When there are big events, I like to pull together resources in one place — and, of course, this has been open government week — the Office of Management and Budget issued a series of policies, while agencies issued their open government plans.
* White House Office of Science and Technology Policy blog post by Norm Eisen, Special Counsel to the President for Ethics and Government Reform: Open for Change, which he says will “strengthen our democracy and promote accountability, efficiency and effectiveness across the government.”
* Sunlight’s Jake Brewer has told open government advocates:
Put simply, it’s increasingly clear government is not going to become more open and transparent without extraordinary public pressure. And WE are going to have to be the ones to put that pressure on them.
You can help right now by joining our campaign for open government and signing the pledge to demand all public government information be available ONLINE and in REAL-TIME.

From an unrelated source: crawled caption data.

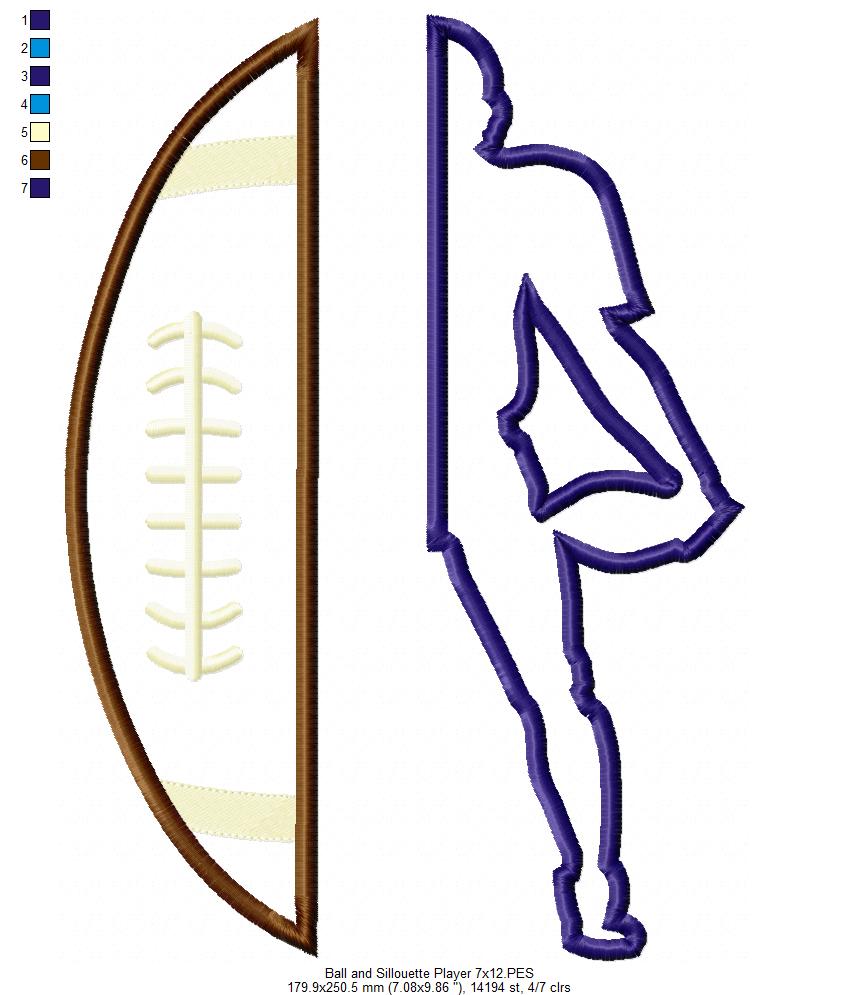 Split Football and Player - Applique Embroidery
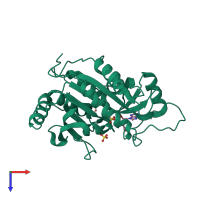 PDB entry 1rct coloured by chain, top view.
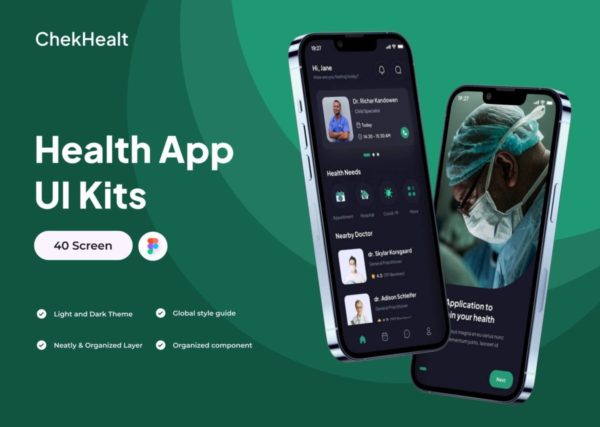 40屏健康医疗保健医院在线就诊挂号软件APP用户界面设计UI套件素材 ChekHealt – Health Apps UI Kits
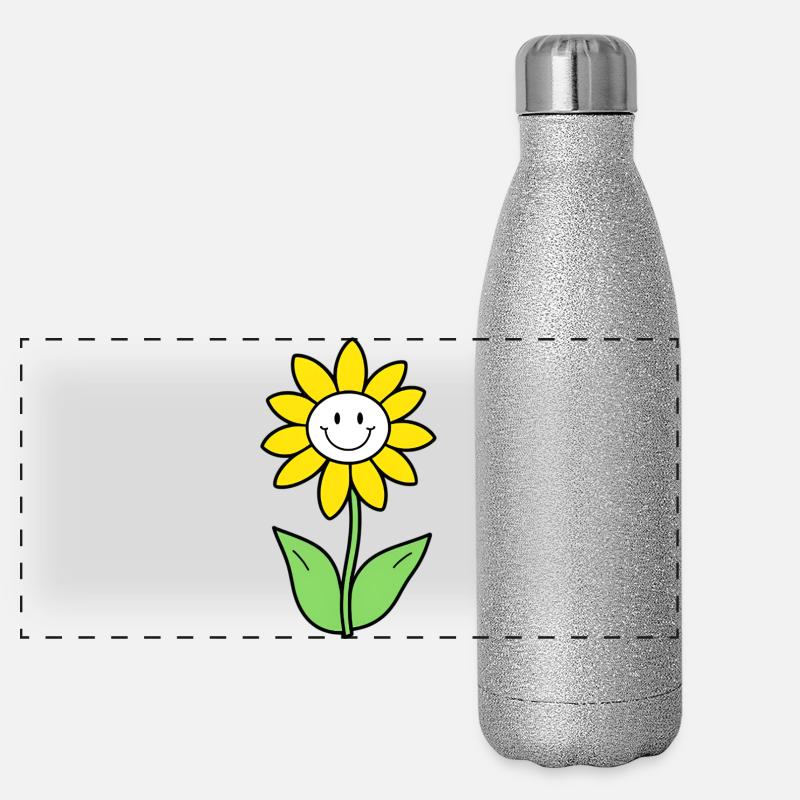 Smiling Sunflower Graphic Panoramic Glitter Thermal Bottle 500 ml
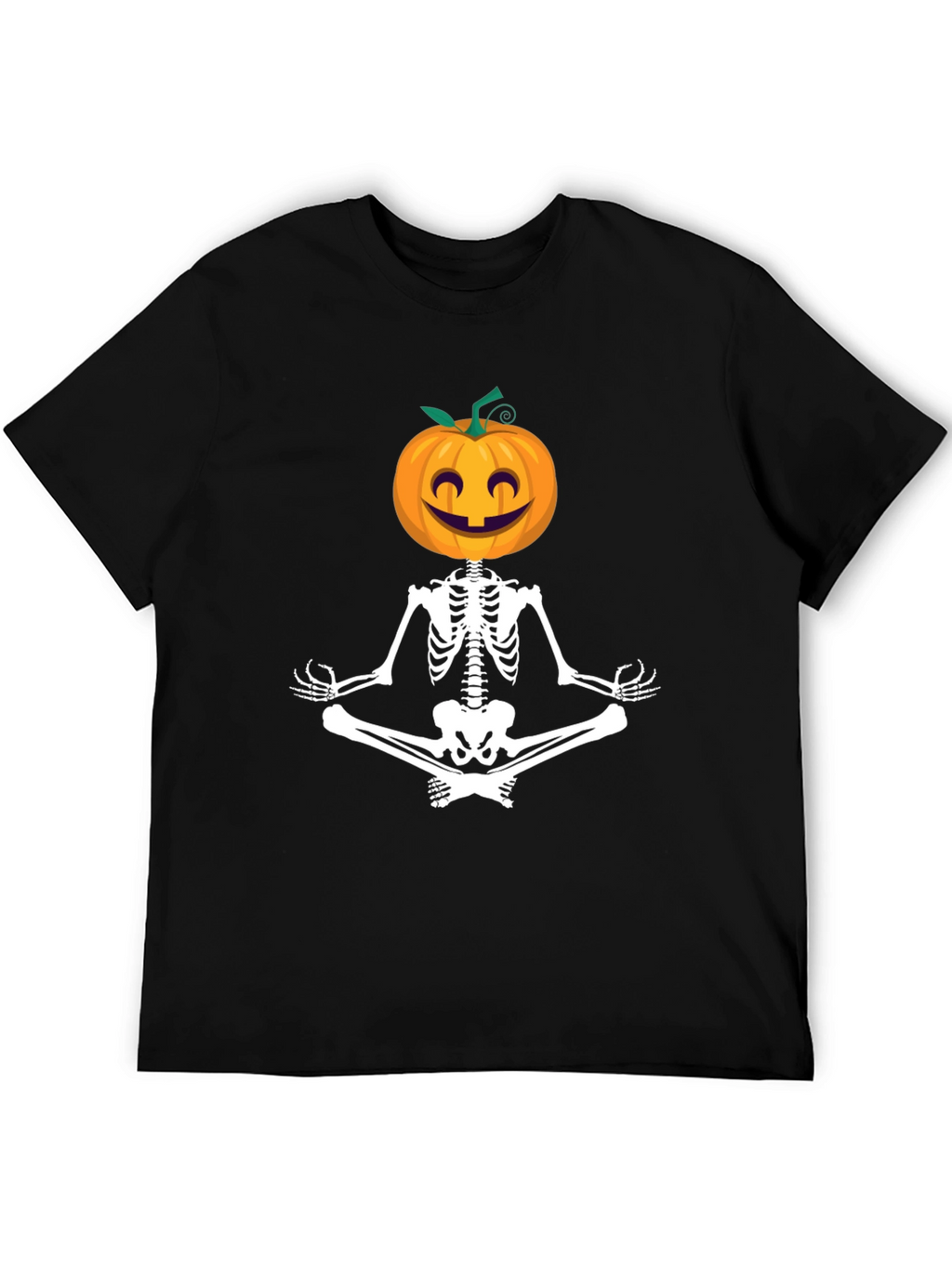 Halloween Skeleton Pumpkin Meditation T-Shirt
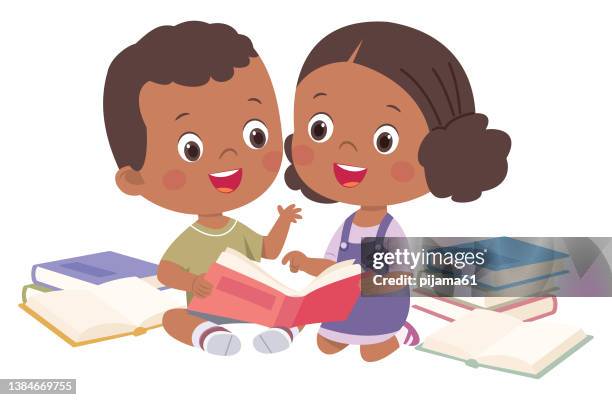 ilustrações de stock, clip art, desenhos animados e ícones de african smiling boy and girl reading books. cartoon illustration for banner, poster. - jovens estudando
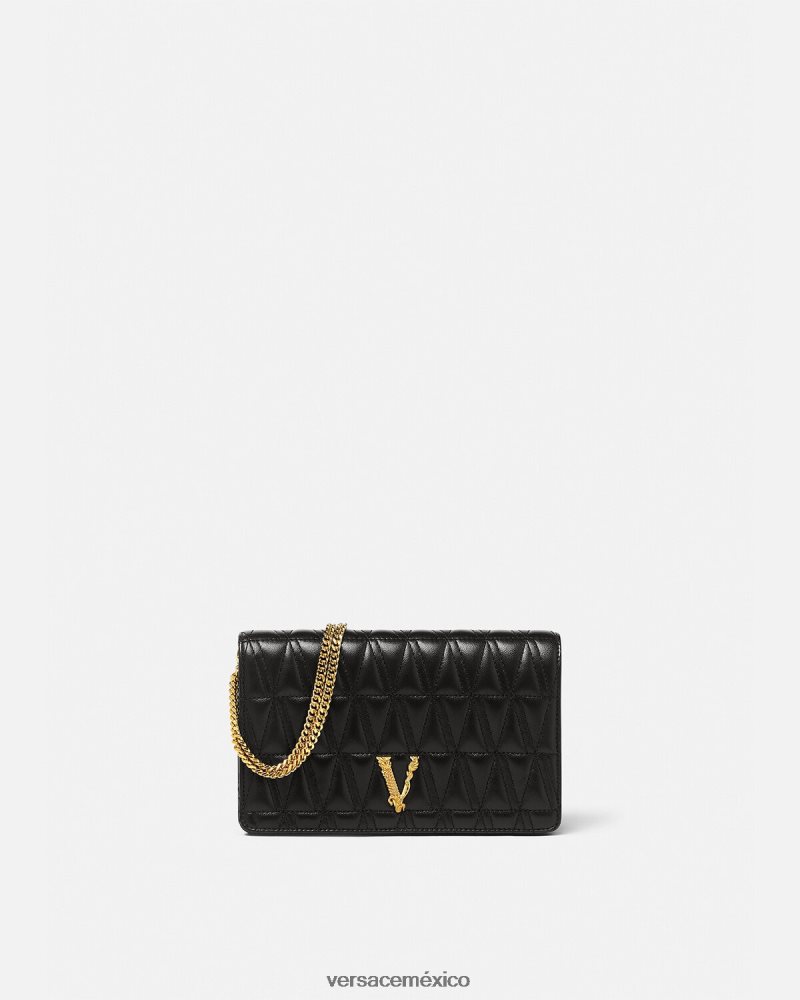Versace embrague virtuoso negro bolsas mujer 84626J369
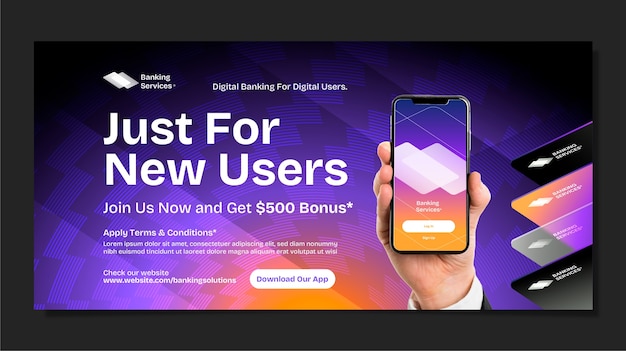 Free vector banking business sale banner template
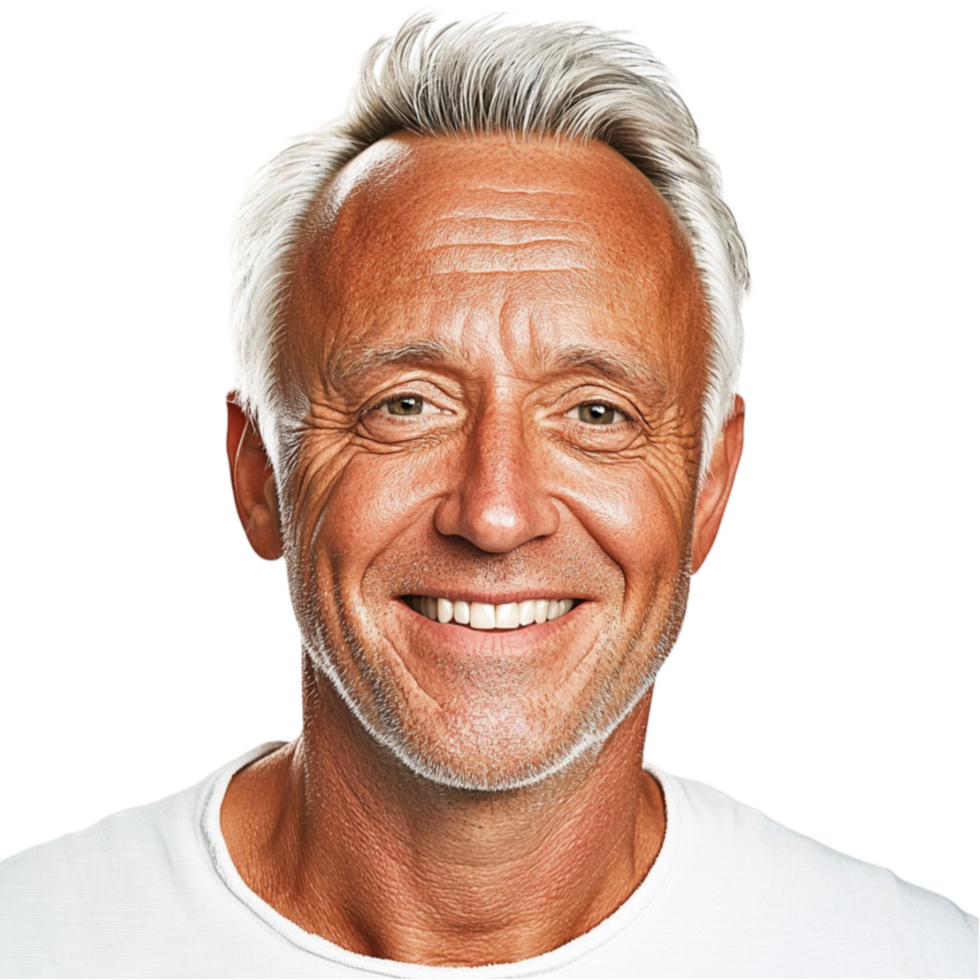 Elderly man with white hair and a cheerful expression looks warm and welcoming png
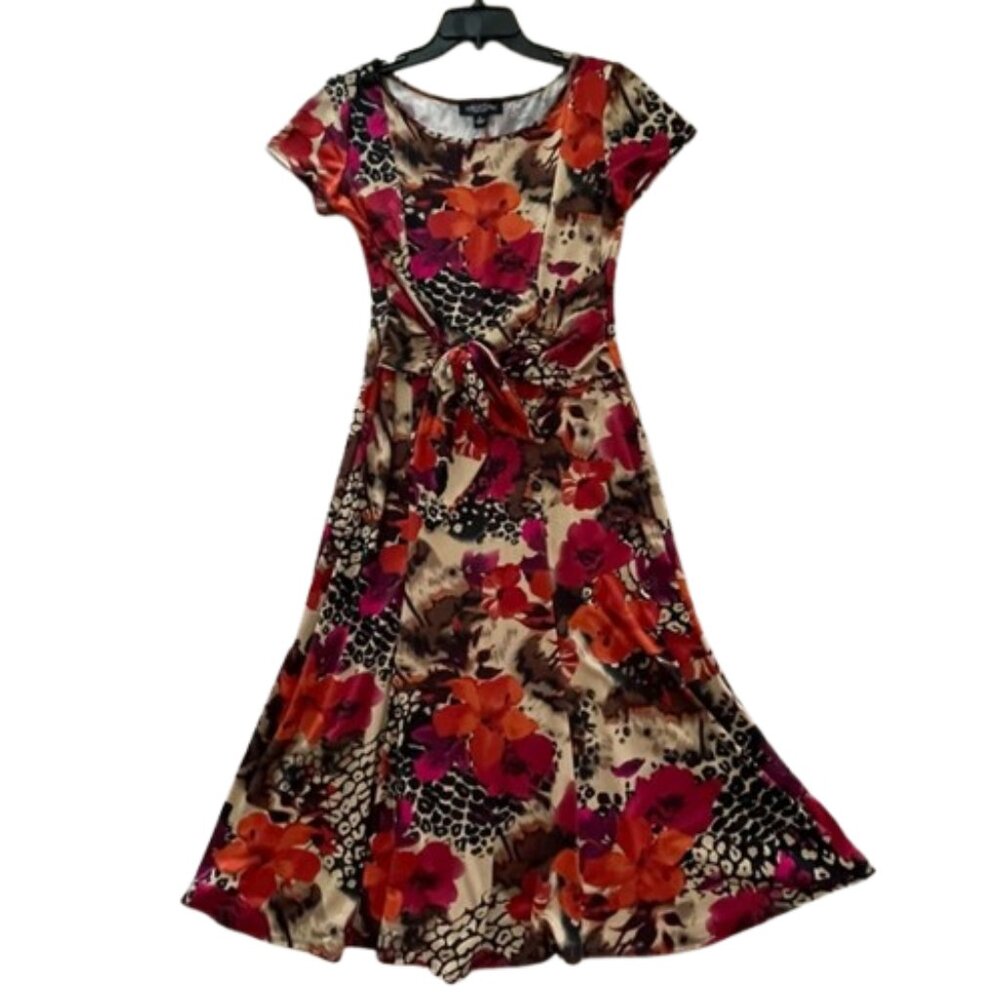 Perceptions Dark Floral A-Line Dress – Flowy Short Sleeve, Size M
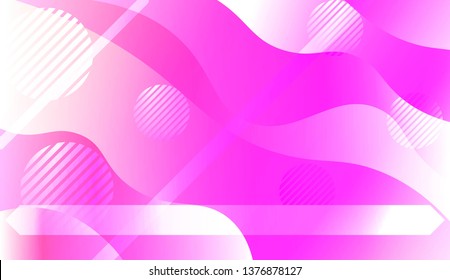 Abstract Shiny Waves, Lines, Circle, Space for Text. For Your Design Ad, Banner, Cover Page. Vector Illustration with Color Gradient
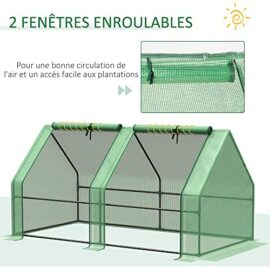 Outsunny Mini Serre de Jardin Serre à tomates dim. 180L x 90l x 90H cm Acier PE Haute densité 140 g/m² Anti-UV 2 fenêtres zippées enroulables Vert Outsunny Mini Serre de Jardin Serre à tomates dim. 180L x 90l x 90H cm Acier PE Haute densité 140 g/m² Anti-UV 2 fenêtres zippées enroulables Vert 6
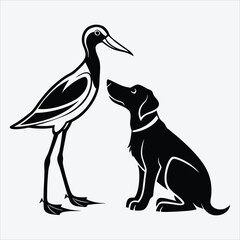 Obraz premium Avocet Dog line art White background illustration Generative Ai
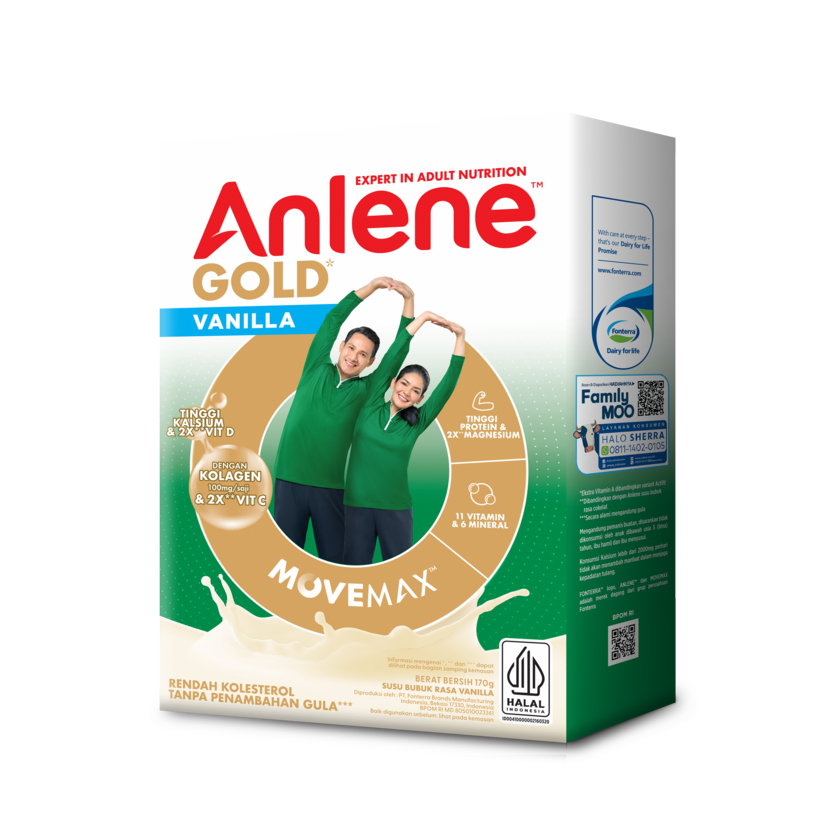 Anlene Gold 5X Susu Bubuk Dewasa Vanila 170g - Nutrisi Tinggi Kalsium Untuk Tulang, Sendi, dan Otot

This is fairly far from awesome. I’d actually label it fairly disappointing. Not only are both documents written to be as vague as possible (the PRA primer, for instance, spends most of its text simply repeating statute), this doesn’t really get us where we need to be…
More disappointing from my standpoint, it keeps in place the notion that citizen interaction with the government is essentially a “burden” and still codifies the position that significant interaction with the public should be minimized (this is clearly contrary to open government).
The discussion has spurred me to actually print out the Paperwork Reduction Act and read it for myself to get a sense of what it actually says. My sense is that some of what OMB is trying to do is work within the constraints of the law — a law enacted in the early 1980s before hardly anybody even had e-mail addresses.